To own the hearth and stool and all!
The heaped up sods upon the fire,
The pile of turf against the wall!
– Padraic Colum, An Old Woman of the Roads
Location is everything for Michelle Malone’s first solo exhibition. Her multidisciplinary practice draws on her own personal experiences and those of her extended family, growing up in social housing in Dublin’s inner-city. The LAB is tucked away behind Talbot Street in the historic heart of the city, its modern custom-built gallery space a sharp contrast to the old Georgian Quarter where the tenements once stood. Turning the corner, passers-by are ambushed by a large cut-out of a familiar statue. It is a representation on a grand scale of the Child of Prague – a religious icon traditionally put outside by Irish mothers for good luck and sunshine on wedding days.
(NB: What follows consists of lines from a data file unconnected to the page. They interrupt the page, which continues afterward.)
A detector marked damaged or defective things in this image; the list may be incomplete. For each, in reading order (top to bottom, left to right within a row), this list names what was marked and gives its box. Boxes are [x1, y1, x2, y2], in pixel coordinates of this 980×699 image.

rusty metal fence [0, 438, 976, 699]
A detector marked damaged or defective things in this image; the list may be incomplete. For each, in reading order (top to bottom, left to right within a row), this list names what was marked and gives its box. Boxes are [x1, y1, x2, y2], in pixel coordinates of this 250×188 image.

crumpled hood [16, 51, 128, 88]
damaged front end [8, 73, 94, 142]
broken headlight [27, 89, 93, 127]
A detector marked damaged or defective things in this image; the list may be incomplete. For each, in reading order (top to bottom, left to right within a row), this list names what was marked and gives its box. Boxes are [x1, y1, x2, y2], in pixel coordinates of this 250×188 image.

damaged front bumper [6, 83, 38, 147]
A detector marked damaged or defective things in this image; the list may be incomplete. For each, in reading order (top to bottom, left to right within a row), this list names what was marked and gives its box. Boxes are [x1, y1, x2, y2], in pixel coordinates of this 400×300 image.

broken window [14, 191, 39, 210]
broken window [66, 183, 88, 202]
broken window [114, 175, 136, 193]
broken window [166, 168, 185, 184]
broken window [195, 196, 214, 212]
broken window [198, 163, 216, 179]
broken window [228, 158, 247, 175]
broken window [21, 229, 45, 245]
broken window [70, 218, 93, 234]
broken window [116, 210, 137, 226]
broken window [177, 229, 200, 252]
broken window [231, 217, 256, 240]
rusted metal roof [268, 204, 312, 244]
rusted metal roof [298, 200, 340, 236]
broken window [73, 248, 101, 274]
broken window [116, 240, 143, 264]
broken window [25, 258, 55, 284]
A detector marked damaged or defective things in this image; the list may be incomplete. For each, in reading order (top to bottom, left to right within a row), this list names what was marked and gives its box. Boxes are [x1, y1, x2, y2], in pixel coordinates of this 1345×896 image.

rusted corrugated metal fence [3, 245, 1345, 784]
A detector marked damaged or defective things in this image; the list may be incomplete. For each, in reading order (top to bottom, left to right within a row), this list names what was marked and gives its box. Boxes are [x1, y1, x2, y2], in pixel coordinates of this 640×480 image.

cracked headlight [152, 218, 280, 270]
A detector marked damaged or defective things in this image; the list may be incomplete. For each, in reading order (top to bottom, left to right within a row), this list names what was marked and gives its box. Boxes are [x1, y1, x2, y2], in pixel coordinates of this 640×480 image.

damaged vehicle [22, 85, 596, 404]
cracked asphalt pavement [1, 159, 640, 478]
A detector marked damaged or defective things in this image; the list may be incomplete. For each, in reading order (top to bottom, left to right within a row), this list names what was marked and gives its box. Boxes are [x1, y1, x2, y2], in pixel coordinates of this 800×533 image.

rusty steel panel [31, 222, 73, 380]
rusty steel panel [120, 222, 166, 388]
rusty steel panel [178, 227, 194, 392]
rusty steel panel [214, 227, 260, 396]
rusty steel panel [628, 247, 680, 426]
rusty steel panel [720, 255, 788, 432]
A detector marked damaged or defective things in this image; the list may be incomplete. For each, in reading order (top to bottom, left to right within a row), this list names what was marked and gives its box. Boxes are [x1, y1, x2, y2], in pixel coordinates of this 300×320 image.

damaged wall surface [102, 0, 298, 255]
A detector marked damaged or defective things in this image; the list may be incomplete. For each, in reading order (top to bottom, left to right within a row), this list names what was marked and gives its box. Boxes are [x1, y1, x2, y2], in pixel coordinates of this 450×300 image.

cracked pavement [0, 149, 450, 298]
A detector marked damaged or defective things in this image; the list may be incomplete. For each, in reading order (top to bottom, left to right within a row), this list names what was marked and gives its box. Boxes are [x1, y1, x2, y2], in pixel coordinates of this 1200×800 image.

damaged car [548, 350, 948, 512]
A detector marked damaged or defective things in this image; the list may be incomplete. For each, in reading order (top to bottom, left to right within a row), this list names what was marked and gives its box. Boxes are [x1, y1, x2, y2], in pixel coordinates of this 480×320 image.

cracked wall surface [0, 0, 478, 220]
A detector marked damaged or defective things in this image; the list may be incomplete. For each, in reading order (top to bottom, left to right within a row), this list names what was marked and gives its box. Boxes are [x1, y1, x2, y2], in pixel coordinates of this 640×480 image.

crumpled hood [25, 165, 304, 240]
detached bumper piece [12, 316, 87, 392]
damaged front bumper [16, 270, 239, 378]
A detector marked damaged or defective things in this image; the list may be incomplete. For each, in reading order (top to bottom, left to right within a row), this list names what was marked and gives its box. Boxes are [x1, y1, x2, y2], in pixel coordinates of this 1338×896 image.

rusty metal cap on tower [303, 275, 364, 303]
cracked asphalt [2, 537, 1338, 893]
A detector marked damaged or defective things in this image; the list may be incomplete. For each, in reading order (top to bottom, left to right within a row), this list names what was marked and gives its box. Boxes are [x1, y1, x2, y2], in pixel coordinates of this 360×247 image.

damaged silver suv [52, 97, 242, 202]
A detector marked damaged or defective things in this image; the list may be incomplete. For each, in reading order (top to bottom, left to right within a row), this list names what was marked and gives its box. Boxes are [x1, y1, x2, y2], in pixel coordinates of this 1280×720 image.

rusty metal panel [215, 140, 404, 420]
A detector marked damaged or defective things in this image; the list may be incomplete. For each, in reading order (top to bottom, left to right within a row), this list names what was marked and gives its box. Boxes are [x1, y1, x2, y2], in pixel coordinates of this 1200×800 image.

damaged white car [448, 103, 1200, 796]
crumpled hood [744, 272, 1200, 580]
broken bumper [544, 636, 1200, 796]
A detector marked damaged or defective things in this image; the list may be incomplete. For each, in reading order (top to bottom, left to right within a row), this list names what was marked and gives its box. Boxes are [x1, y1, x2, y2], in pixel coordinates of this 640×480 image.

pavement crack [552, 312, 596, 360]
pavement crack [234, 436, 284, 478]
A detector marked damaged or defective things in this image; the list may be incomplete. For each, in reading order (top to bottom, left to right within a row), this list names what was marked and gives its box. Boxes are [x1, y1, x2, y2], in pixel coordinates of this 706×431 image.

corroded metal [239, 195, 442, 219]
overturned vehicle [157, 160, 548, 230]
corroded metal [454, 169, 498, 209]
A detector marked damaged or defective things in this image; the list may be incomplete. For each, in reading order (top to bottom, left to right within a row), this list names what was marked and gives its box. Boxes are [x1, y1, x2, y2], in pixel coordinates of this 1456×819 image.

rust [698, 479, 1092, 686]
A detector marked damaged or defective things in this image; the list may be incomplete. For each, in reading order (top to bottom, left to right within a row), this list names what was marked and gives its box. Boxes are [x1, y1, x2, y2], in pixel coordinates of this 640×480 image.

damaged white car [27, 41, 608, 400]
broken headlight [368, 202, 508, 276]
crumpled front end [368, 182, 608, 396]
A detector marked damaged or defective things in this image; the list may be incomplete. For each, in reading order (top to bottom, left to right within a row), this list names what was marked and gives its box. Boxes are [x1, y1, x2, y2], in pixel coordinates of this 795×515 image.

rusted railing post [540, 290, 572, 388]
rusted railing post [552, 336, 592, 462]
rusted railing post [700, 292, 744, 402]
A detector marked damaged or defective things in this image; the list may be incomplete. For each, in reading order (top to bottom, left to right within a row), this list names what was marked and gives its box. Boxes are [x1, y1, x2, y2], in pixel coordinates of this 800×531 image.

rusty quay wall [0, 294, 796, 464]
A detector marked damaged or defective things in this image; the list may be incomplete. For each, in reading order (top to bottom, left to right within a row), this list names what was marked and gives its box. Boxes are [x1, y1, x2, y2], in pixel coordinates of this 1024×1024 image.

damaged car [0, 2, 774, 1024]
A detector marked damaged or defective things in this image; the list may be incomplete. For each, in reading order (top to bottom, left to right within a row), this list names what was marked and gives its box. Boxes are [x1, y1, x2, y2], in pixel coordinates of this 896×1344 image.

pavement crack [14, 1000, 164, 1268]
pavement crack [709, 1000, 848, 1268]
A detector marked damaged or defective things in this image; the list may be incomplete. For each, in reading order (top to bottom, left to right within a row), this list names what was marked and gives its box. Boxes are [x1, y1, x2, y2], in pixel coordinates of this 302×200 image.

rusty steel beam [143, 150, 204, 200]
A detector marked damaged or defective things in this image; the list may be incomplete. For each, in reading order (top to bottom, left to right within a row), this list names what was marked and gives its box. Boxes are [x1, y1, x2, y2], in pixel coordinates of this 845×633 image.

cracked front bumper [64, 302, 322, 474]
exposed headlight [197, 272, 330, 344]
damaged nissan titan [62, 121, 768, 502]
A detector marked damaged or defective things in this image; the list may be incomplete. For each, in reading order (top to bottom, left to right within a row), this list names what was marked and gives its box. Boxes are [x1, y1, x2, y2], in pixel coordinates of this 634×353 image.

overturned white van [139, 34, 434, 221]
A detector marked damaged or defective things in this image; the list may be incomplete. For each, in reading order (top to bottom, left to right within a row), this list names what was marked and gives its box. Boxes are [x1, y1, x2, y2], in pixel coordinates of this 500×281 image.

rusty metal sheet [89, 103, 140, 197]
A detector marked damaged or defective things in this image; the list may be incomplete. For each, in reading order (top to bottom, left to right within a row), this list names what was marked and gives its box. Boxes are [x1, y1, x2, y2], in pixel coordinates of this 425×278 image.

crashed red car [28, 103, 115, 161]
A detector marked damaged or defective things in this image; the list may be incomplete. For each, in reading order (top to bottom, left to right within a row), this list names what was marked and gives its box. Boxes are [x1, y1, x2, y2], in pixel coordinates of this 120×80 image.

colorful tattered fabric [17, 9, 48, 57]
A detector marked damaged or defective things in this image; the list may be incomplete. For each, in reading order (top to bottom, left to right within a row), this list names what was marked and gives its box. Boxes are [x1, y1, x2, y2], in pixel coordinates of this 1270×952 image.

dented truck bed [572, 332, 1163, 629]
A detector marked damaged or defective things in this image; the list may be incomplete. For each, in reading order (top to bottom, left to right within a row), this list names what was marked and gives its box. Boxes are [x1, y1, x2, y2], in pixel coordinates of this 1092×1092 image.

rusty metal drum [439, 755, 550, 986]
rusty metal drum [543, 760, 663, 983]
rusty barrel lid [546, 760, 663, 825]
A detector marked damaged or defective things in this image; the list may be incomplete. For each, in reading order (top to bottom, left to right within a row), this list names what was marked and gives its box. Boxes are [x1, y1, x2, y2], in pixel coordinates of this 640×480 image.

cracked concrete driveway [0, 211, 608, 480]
The colour and absurd size echo the appearance of a shop window display, but the sturdy plywood cut-out holds a poignant sense of human absence that subverts any advertising potential.
Malone’s installation in the main gallery space is angled towards the enormous windows and is presented to the public in the form of two ‘rooms’. The ‘good room’ is complete with a familiar 1970s carpet with a pattern of brown swirly leaves; there is a staircase with the same carpet, while a large tapestry of a domestic interior hangs on the wall. The ‘garden room’ contains a matching tapestry and newly dug soil, suggesting the possibilities of a garden or vegetable plot. A pile of neatly folded tea towels sits on a cosy wooden chair. The optimum view from the street outside brings to mind a stage set for a Seán O’Casey play.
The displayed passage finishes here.